== RECORDS FOR THE EXERCISE ==
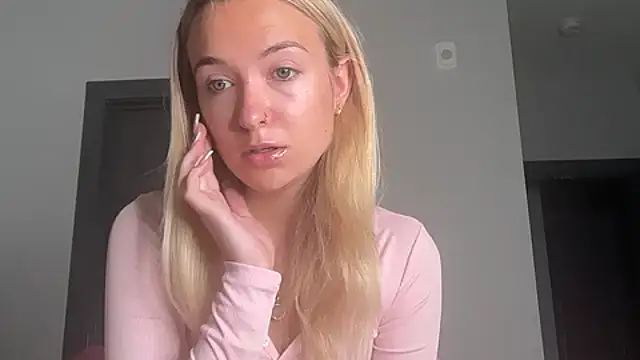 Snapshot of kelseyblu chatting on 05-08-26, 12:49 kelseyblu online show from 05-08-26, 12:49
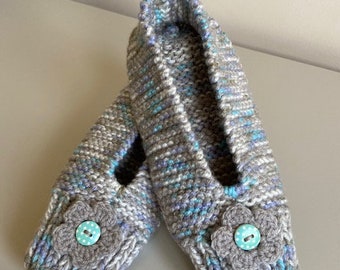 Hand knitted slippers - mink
===
== RECORDS FOR THE EXERCISE ==
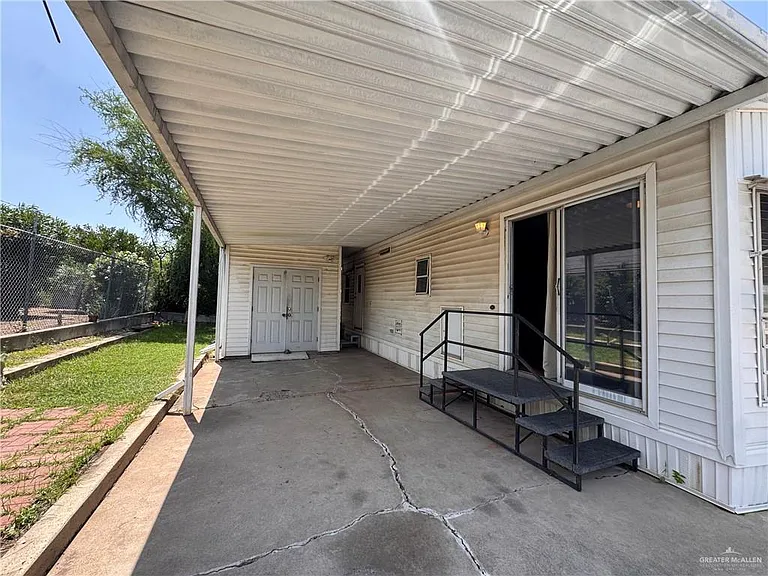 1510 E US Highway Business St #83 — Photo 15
===
EXERCISE OBJECTIVE: Above are some entries; copy exactly the lines from the line with "Snapshot of kelseyblu" through the line with "Hand knitted slippers - mink", both included, but none of the pictures.

EXERCISE ANSWER:
 Snapshot of kelseyblu chatting on 05-08-26, 12:49 kelseyblu online show from 05-08-26, 12:49
 Hand knitted slippers - mink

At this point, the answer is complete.